The artist Ye, formerly known as Kanye West, is reportedly stepping into the social media world.
Ye revealed on Monday that he had reached an agreement to buy the social media platform Parler, which bills itself as the “premier global free speech platform.“
In a statement, he said, “In a world where conservative opinions are considered to be controversial, we have to make sure we have the right to freely express ourselves.”
Ye’s Twitter and Instagram accounts were locked after he made some anti-semitic posts on those platforms.
The posts were not defensible, and they were condemned as they should have been.
Still, Monday’s news is kind of funny as it is the predictable result of what seems to be an increasing push to censor or limit opinions shared on social media because they are perceived to be dangerous.
Those who are in favor of a heavy-handed response to posts that go against the accepted medical guidance, or seem to be pushing a pro-Russian stance, or push back on the notion that there are more than two genders think banning people from Twitter will be the end of it.
But in reality, what happens is the people with money will either buy or try to start their own platform with much less content moderation.
Former President Donald Trump has his Truth Social. Former Trump aide Stephen Miller started GETTR. And now it seems Ye will have his own platform. And then there’s Elon Musk, who may or may not be buying Twitter.
Getting users to migrate from Twitter which has been around for longer than all three of the aforementioned platforms, tends to be the hard part.
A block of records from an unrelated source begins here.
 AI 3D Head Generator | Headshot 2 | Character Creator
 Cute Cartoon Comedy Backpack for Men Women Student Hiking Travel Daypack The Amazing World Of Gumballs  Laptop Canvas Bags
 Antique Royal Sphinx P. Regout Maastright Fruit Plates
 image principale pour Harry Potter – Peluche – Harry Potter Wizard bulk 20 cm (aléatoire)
Why would users want to leave Twitter when a lot of the people they follow are not on the other platforms? And why would politicians or commentators with thousands, hundreds of thousands, or millions of followers want to drop Twitter and move to a platform where they have a much smaller following?
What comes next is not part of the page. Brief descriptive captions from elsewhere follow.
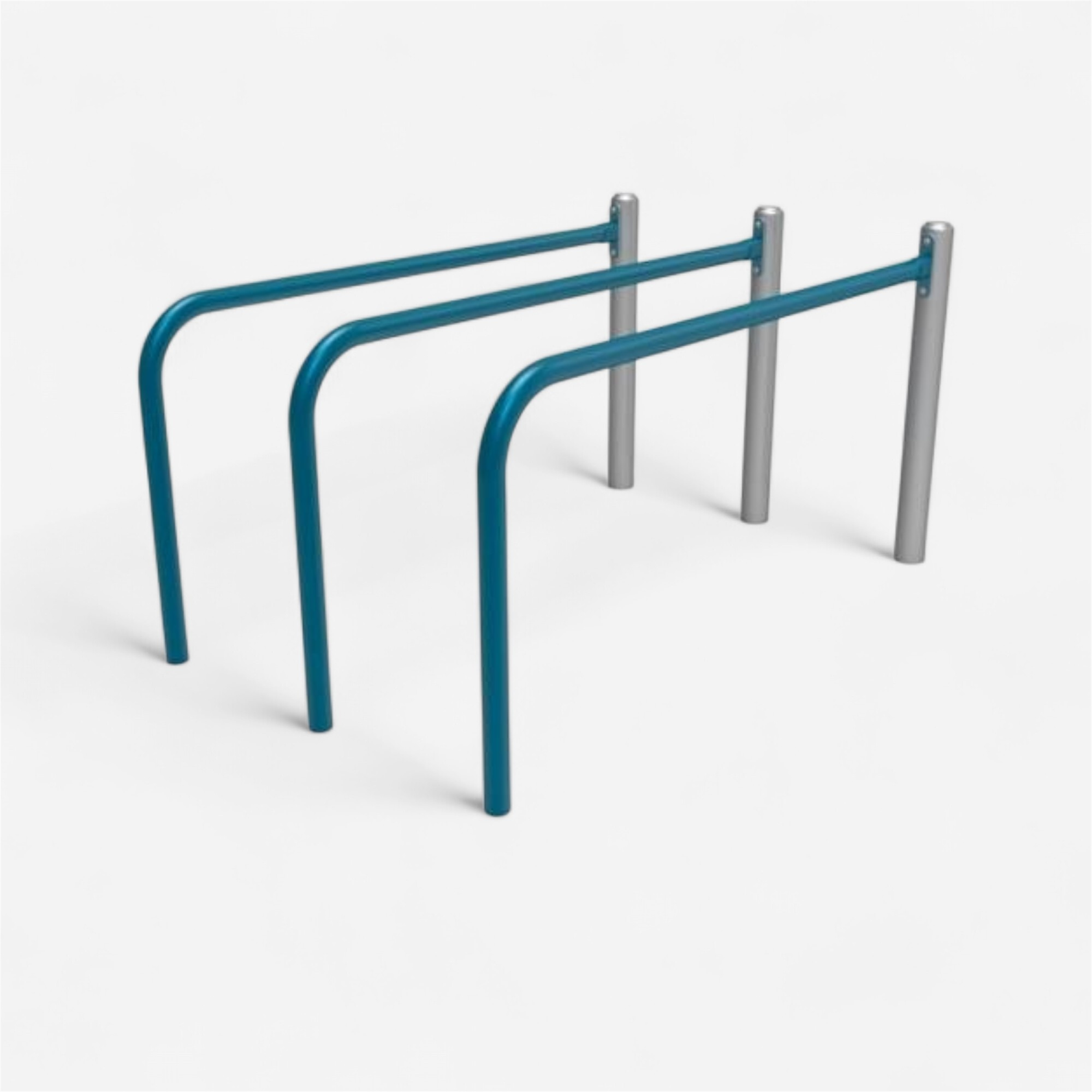 3 barres parallèles street workout metaluplast - Mobilité urbaine et outdoor - Plein air - METALUPLAST-Decathlon PRO - Clubs - Entreprises -
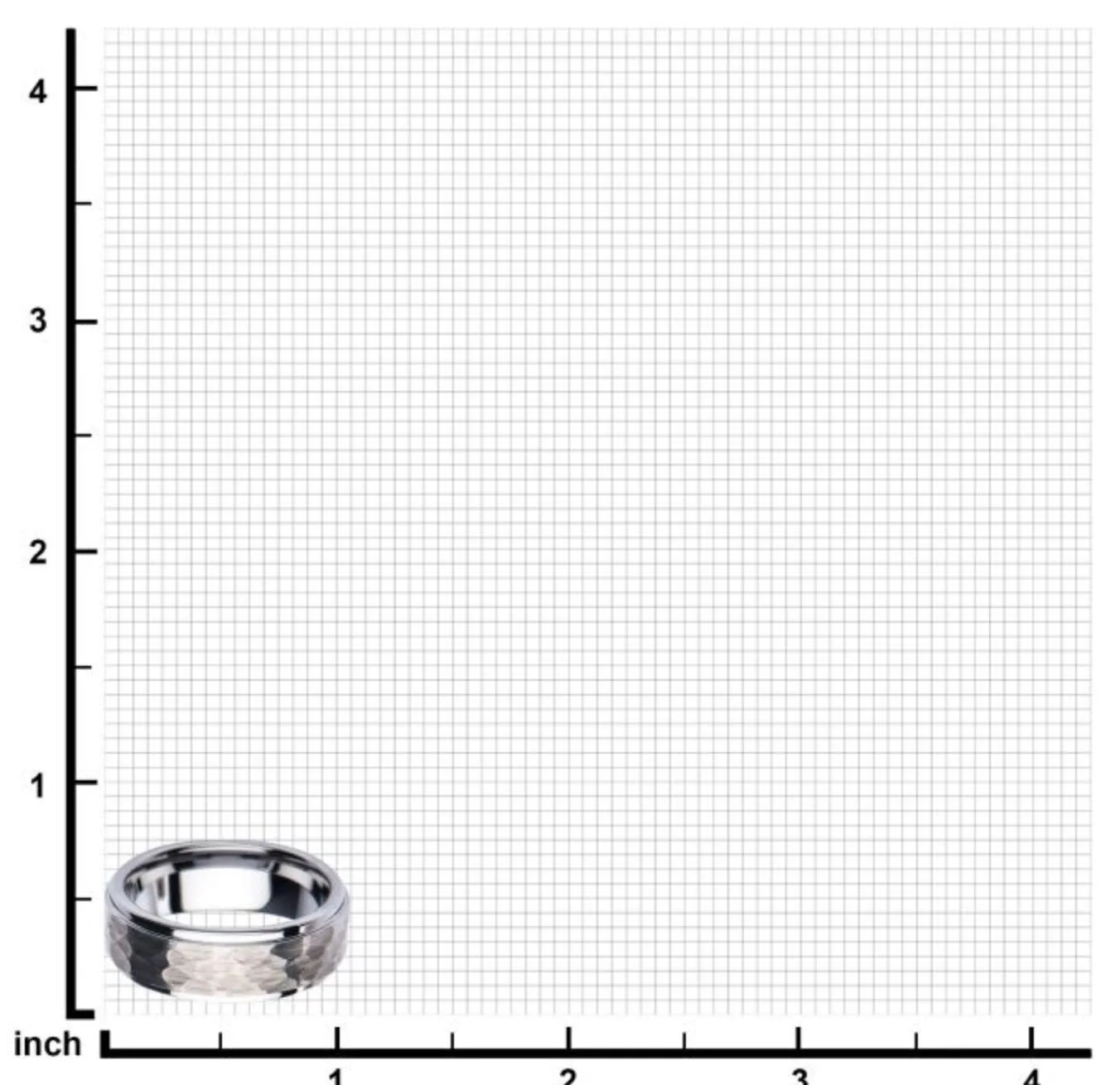 Steel Hammered Ring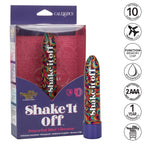 Naughty Bits Shake It Off Powerful Mini Vibrator 4.25 Inch Waterproof Colorful Design > Vibrators > Standard Vibrators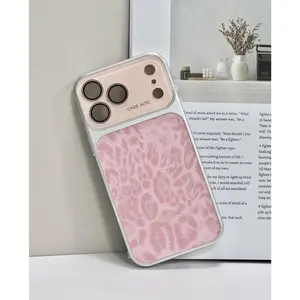 Original Leopard Print Texture Phone Case For iPhone 17 16 15 14 13 Pro Max Large Window Lens Protection Shockproof Matte Cover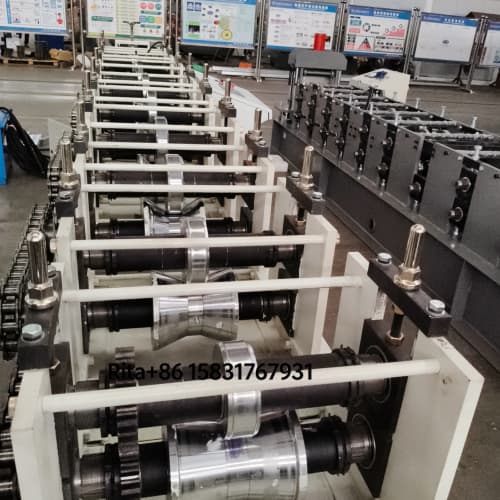 Metal plate rolling shutter guide rail forming machine | Industrial Roll Former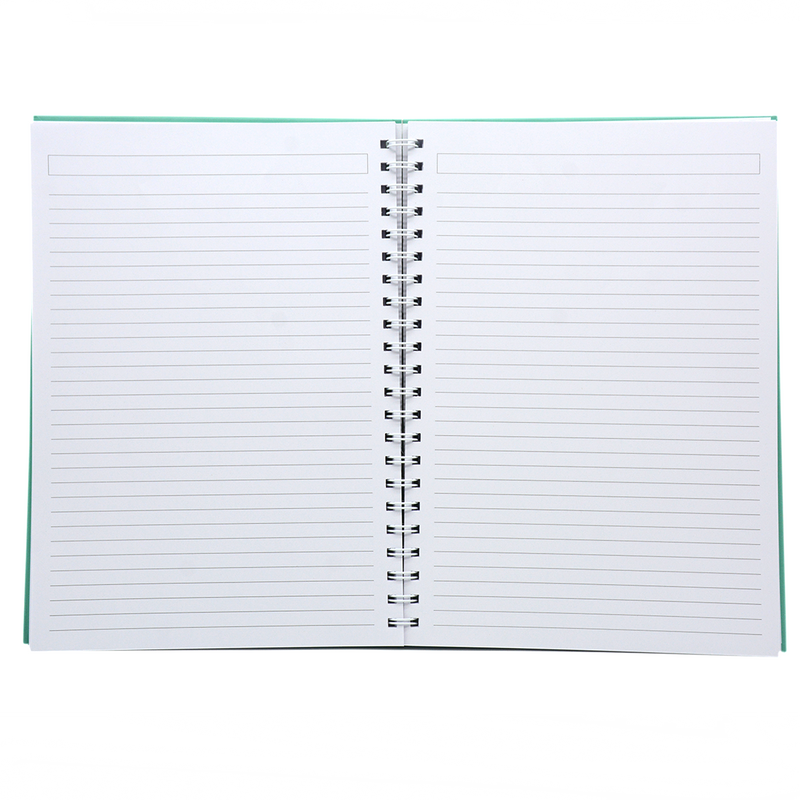 HARD COVER PLAIN SPIRAL 1LINE NOTEBOOK 100PAGE A4-GREEN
Regardless of how successful those platforms are, advocates for strict content moderation apparently fail to realize that it is not in a person’s spirit to just sit down and shut up forever if they get blocked on one platform.
It will not prevent the spread of the ideas they seek to limit. Instead, those who have the means or the will will find a way to continue spreading their ideas — and usually with even less moderation.
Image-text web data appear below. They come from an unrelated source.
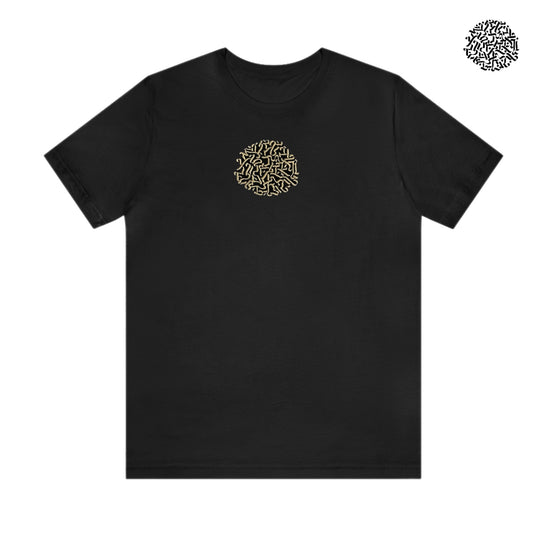 CIRCLE T-OVERSIZE BLACK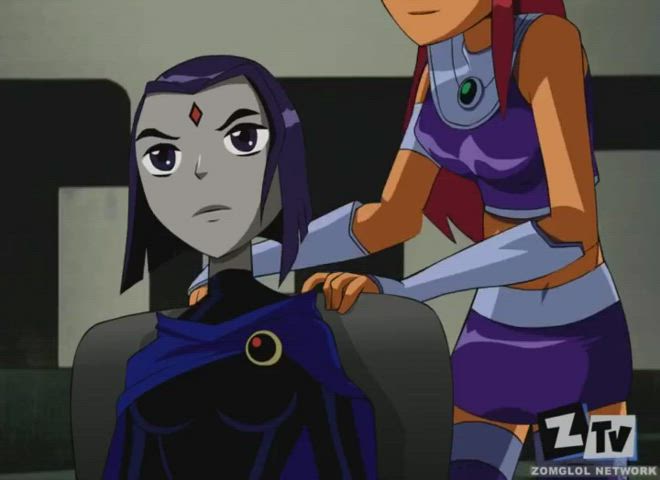 Starfire gives Raven a helping hand (ZONE)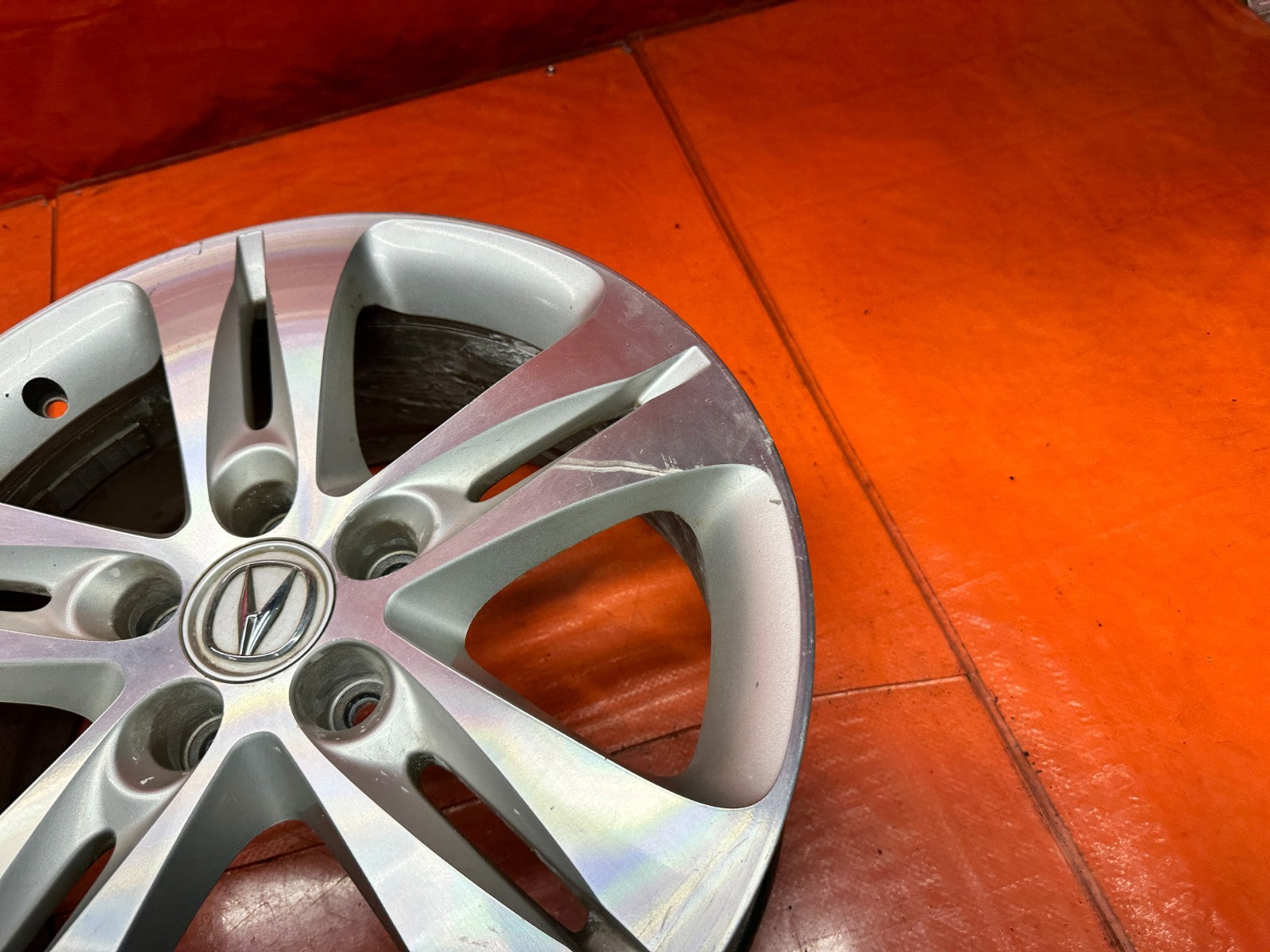 09 14 ACURA TSX V6 18 INCH 5 SPOKE ALLOY WHEEL RIM 18x8 5x114.3 OEM FACTORY  25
To a certain extent, it is limiting the reach of those posts due to smaller followings on other platforms. But it also risks creating echo chambers where people can interact with ideas with almost no pushback or countervailing information.
So Twitter and Instagram, and Facebook can keep censoring people all they want, but it will not have the effect they are hoping for.
Instead, wealthy celebrities will either buy the original platforms or alternatives or build their own, and the content the pro-censorship crowd hates will continue to thrive unchecked.